Gateway Gazette

AB Small Biz Confidence Lowest in Canada, Still Sliding

 

CALGARY – The Canadian Federation of Independent Business (CFIB) released the latest Business Barometer index that shows Alberta’s small business outlook dropped one point from last month to 47. Nationally, there was a slight drop in small business confidence levels, with seven of 10 provinces reporting a decline, shaving a point off the national index (60.5).

Hiring plans in Alberta have virtually come to a standstill.  Only 21 per cent of business owners surveyed in April said they planned to add full-time staff over the next three months versus 17 per cent who plan to cut back.

There has also been a serious decline in the general state of business health.  Thirty-five per cent say their firms are in good shape, an 8 point drop over March and down 20 points from mid 2014.

“Those running for elected office must be cognizant of what keeps business owners up at night.  Half of business owners list tax, regulatory costs, and wages as major cost constraints.  Now is not the time to increase the cost of doing business” remarked Amber Ruddy, Senior Policy Analyst for CFIB.

“The next government should, in fact, prioritize small business tax relief to spur economic growth and job creation.  Government policy must restore business optimism across the province, not shake it to its core,” concluded Ruddy.

While improvement was reported on Alberta’s skilled labour shortage, still 35 per cent of owners identified it as a problem.  This is down 3 points from last month and at the lowest level in Alberta since late 2013.
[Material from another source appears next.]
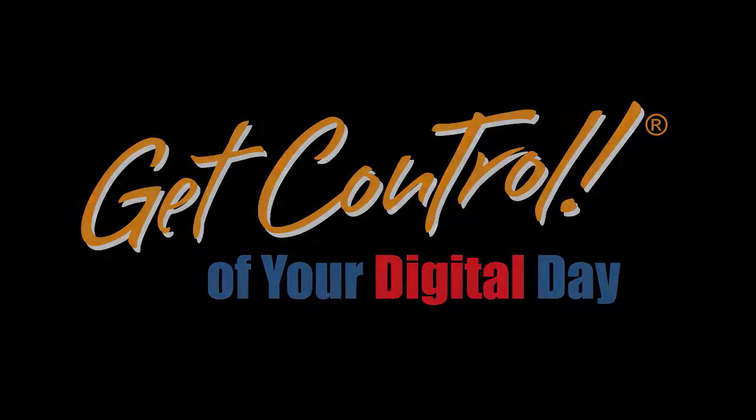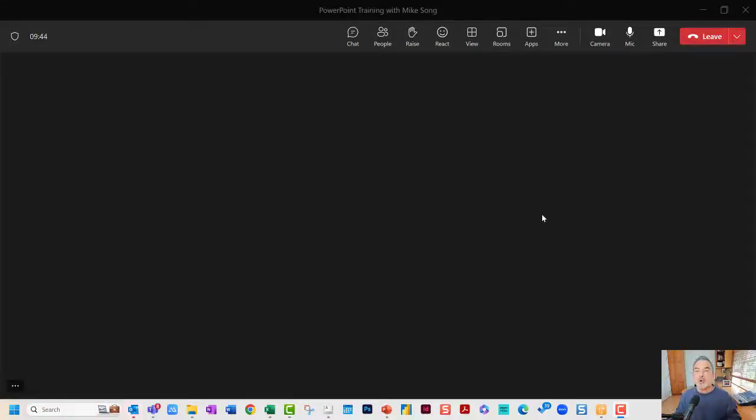Zip Tips. Here's a really cool zip tip. You can present a PowerPoint from inside of Teams so that you can see the notes but your audience can't.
British Columbia led the nation in small business confidence (71.9) while Saskatchewan fell to 50.  Central Canada reported mixed results: Manitoba posted big gains, jumping to 60.2, while Ontario saw a three-point drop to 62.5.  Quebec’s index fell slightly to 57.3.  Nova Scotia (63.3) and New Brunswick (60.7) both saw optimism fall. Nova Scotia dropped to 63.3 while New Brunswick slipped to 60.7.  Prince Edward Island led Atlantic Canada again with a healthy 69.2, while Newfoundland and Labrador rose to 59.

About the Business Barometer: Measured on a scale between 0 and 100, an index level above 50 means owners expecting their business’ performance to be stronger in the next year outnumber those expecting weaker performance.  An index level of between 65 and 75 means the economy is growing at its potential.  The April 2015 findings are based on 1,008 responses, collected from a stratified random sample of CFIB members, to a controlled-access web survey.  Data reflect responses received through April 20. Findings are considered accurate to +\- 3.1 per cent 19 times in 20.

More details about the Business Barometer are available at www.cfib.ca.

CFIB is Canada’s largest association of small- and medium-sized businesses with 109,000 members across every sector and region, including 10,000 in Alberta.